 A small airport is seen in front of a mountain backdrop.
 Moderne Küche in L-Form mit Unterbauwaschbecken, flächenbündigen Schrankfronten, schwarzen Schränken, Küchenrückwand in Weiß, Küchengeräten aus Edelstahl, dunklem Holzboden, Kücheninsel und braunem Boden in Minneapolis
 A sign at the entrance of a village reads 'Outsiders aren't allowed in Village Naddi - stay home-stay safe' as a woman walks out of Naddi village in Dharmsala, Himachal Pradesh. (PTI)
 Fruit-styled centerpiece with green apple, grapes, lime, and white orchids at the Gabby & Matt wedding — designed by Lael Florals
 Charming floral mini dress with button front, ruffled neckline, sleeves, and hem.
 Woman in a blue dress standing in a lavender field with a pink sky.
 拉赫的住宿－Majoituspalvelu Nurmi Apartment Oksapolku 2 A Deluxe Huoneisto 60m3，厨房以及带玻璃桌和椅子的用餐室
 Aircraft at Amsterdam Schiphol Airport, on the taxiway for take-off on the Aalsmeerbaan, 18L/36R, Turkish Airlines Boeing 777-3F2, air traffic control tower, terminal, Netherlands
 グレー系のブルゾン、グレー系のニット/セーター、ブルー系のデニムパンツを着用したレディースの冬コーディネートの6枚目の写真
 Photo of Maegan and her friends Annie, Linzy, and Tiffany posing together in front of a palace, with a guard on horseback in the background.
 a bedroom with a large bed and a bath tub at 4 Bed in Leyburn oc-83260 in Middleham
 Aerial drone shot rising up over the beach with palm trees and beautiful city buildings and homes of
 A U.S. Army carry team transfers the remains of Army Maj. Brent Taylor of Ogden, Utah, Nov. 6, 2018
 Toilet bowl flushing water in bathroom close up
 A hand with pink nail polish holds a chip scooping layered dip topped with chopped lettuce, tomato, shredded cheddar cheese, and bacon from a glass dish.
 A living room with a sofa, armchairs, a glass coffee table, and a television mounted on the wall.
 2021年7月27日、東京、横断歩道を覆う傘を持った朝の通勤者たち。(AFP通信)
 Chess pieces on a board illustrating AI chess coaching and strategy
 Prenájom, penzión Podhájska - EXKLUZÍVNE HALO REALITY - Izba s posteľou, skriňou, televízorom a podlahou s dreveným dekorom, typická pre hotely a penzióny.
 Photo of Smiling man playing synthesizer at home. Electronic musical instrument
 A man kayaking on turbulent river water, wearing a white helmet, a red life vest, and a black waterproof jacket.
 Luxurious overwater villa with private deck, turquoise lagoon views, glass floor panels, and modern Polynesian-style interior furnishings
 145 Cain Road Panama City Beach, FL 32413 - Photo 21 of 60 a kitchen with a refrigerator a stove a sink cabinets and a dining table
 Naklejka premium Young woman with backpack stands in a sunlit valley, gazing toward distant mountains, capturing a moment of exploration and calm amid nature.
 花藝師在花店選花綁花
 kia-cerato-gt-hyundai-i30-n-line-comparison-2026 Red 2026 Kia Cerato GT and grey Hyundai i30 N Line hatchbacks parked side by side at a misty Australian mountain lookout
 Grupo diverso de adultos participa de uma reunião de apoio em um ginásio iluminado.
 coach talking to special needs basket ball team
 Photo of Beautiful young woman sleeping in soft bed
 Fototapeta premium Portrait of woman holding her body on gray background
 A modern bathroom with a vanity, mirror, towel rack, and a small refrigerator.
..............................
_Exercise requirements_
Give back the material above exactly as it was given.

_Result_
 A small airport is seen in front of a mountain backdrop.
 Moderne Küche in L-Form mit Unterbauwaschbecken, flächenbündigen Schrankfronten, schwarzen Schränken, Küchenrückwand in Weiß, Küchengeräten aus Edelstahl, dunklem Holzboden, Kücheninsel und braunem Boden in Minneapolis
 A sign at the entrance of a village reads 'Outsiders aren't allowed in Village Naddi - stay home-stay safe' as a woman walks out of Naddi village in Dharmsala, Himachal Pradesh. (PTI)
 Fruit-styled centerpiece with green apple, grapes, lime, and white orchids at the Gabby & Matt wedding — designed by Lael Florals
 Charming floral mini dress with button front, ruffled neckline, sleeves, and hem.
 Woman in a blue dress standing in a lavender field with a pink sky.
 拉赫的住宿－Majoituspalvelu Nurmi Apartment Oksapolku 2 A Deluxe Huoneisto 60m3，厨房以及带玻璃桌和椅子的用餐室
 Aircraft at Amsterdam Schiphol Airport, on the taxiway for take-off on the Aalsmeerbaan, 18L/36R, Turkish Airlines Boeing 777-3F2, air traffic control tower, terminal, Netherlands
 グレー系のブルゾン、グレー系のニット/セーター、ブルー系のデニムパンツを着用したレディースの冬コーディネートの6枚目の写真
 Photo of Maegan and her friends Annie, Linzy, and Tiffany posing together in front of a palace, with a guard on horseback in the background.
 a bedroom with a large bed and a bath tub at 4 Bed in Leyburn oc-83260 in Middleham
 Aerial drone shot rising up over the beach with palm trees and beautiful city buildings and homes of
 A U.S. Army carry team transfers the remains of Army Maj. Brent Taylor of Ogden, Utah, Nov. 6, 2018
 Toilet bowl flushing water in bathroom close up
 A hand with pink nail polish holds a chip scooping layered dip topped with chopped lettuce, tomato, shredded cheddar cheese, and bacon from a glass dish.
 A living room with a sofa, armchairs, a glass coffee table, and a television mounted on the wall.
 2021年7月27日、東京、横断歩道を覆う傘を持った朝の通勤者たち。(AFP通信)
 Chess pieces on a board illustrating AI chess coaching and strategy
 Prenájom, penzión Podhájska - EXKLUZÍVNE HALO REALITY - Izba s posteľou, skriňou, televízorom a podlahou s dreveným dekorom, typická pre hotely a penzióny.
 Photo of Smiling man playing synthesizer at home. Electronic musical instrument
 A man kayaking on turbulent river water, wearing a white helmet, a red life vest, and a black waterproof jacket.
 Luxurious overwater villa with private deck, turquoise lagoon views, glass floor panels, and modern Polynesian-style interior furnishings
 145 Cain Road Panama City Beach, FL 32413 - Photo 21 of 60 a kitchen with a refrigerator a stove a sink cabinets and a dining table
 Naklejka premium Young woman with backpack stands in a sunlit valley, gazing toward distant mountains, capturing a moment of exploration and calm amid nature.
 花藝師在花店選花綁花
 kia-cerato-gt-hyundai-i30-n-line-comparison-2026 Red 2026 Kia Cerato GT and grey Hyundai i30 N Line hatchbacks parked side by side at a misty Australian mountain lookout
 Grupo diverso de adultos participa de uma reunião de apoio em um ginásio iluminado.
 coach talking to special needs basket ball team
 Photo of Beautiful young woman sleeping in soft bed
 Fototapeta premium Portrait of woman holding her body on gray background
 A modern bathroom with a vanity, mirror, towel rack, and a small refrigerator.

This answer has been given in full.